Audioguides sind in Museen inzwischen Standard, vermehrt kommen auch Multimediaguides mit grafischer Benutzeroberfläche und neuerdings auch Smartphone-Apps zum Einsatz.

Ein zentrales Problem blieb dabei bislang ungelöst: Die intuitive Zuordnung von Objekt und Information. In der Regel findet der Nutzer eine Nummer neben dem Exponat, die er in das Gerät eingeben muss, bei anderen Systemen erfolgt der Aufruf über Pläne oder Listen – alles keine Lösungen, die wirklich befriedigen können.

Auch Versuche mit Infrarotbaken (z.B. von Eyeled) führten nicht weiter, zumal inzwischen bei den Endgeräten die Schnittstellen nicht mehr vorhanden sind. Technisch möglich ist auch eine Triangulation über verteilte WLAN-Stationen und der Einsatz von RFID-Tags, doch hier ist in der Regel der Aufwand für Infrastruktur und Wartung zu hoch.

Einen neuen, vielversprechenden Ansatz hat nun Peter Meier, CTO des Münchener Unternehmens metaio in einem Video vorgestellt. Das Prinzip: Mit der Kamera eines Smartphones, auf dem metaios Augmented-Reality-Browser junaio als App installiert ist, liest der Nutzer einen neben dem Objekt angebrachten Marker  ein.
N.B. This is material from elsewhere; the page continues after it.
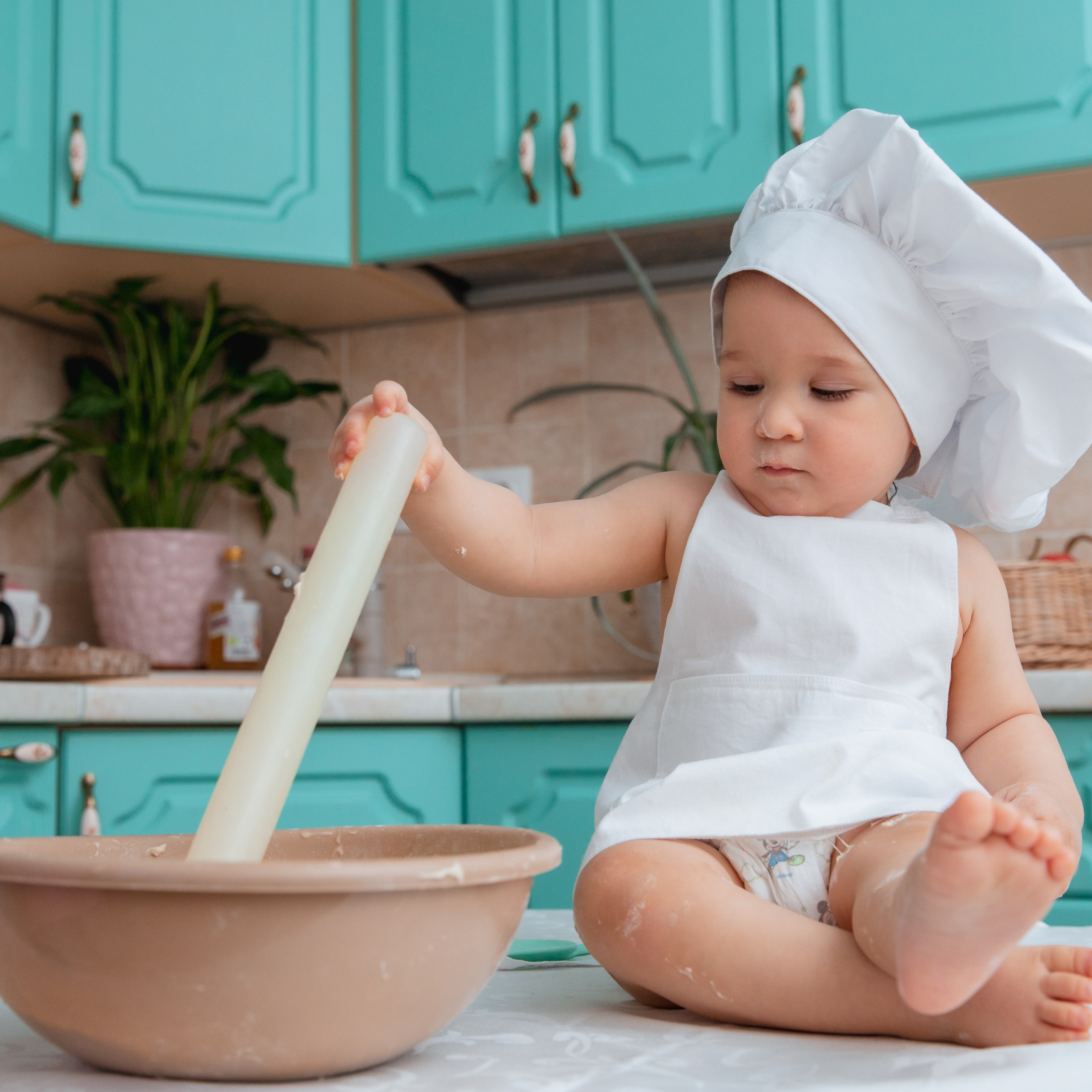 Приятные слова и отзывы. Дарья Бухреева — фотограф, видеограф и фототерапевт. Москва и мир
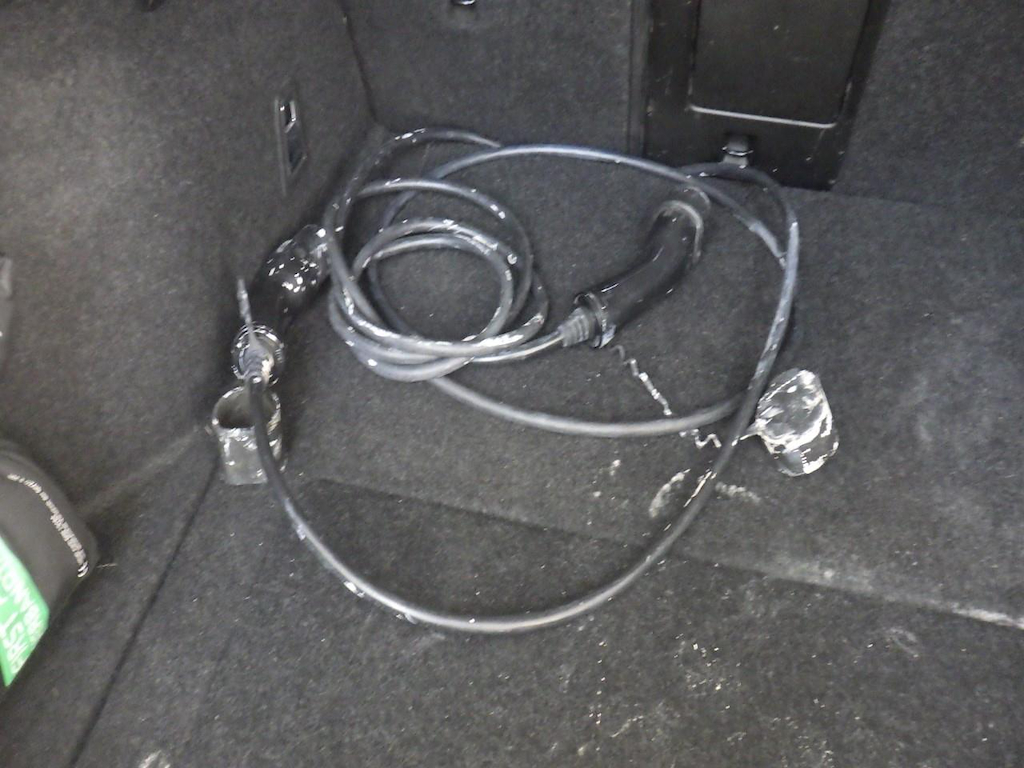 Foto 25 van Polestar 2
Damit kennt junaio die präzise Position des Nutzers. Informationen zu den Exponaten und zur räumlichen Orientierung können dann, wie bei Augmented-Reality-Anwendungen üblich, in den Video-Livestream eingeblendet werden. 

Screenshot aus dem Developer Brief von metaio

Damit umgeht metaio das Grundproblem von Indoor-AR-Anwendungen: die fehlende GPS-Ortung. Die in den junaio-spezifischen LLA-Markern kodierten Geokoordinaten überschreiben für eine festgelegte Dauer die Standortinformationen des Geräts.

Informationen zur räumlichen Orientierung, wie die Stationsnummern, die im Screenshot auf dem Bildschirm des iPhones zu erkennen sind, können als 2- oder 3-D-Objekte im virtuellen Raum hinterlegt werden.

Der eigentliche Content wird über eine eingeblendete Box erschlossen. Grunddaten können dort direkt angezeigt werden, eine Schaltfläche führt zu einer mobilen Website mit weiterführenden Inhalten. Da junaio über einen integrierten Browser verfügt, muss dazu die Anwendung nicht verlassen werden.

Wie bei allen Smartphone-gestützten Systemen erreicht man natürlich nur den entsprechend ausgesatteten Teil des Publikums. Da junaio nur online funktioniert, sind zudem die Besucher mit ausländischen Mobilfunkverträgen praktisch ausgeschlossen.

Fazit: Die von metaio skizziert Lösung ist sicherlich ein interessanter Ansatz, man darf gespannt sein, wie er sich in der Praxis bewähren wird.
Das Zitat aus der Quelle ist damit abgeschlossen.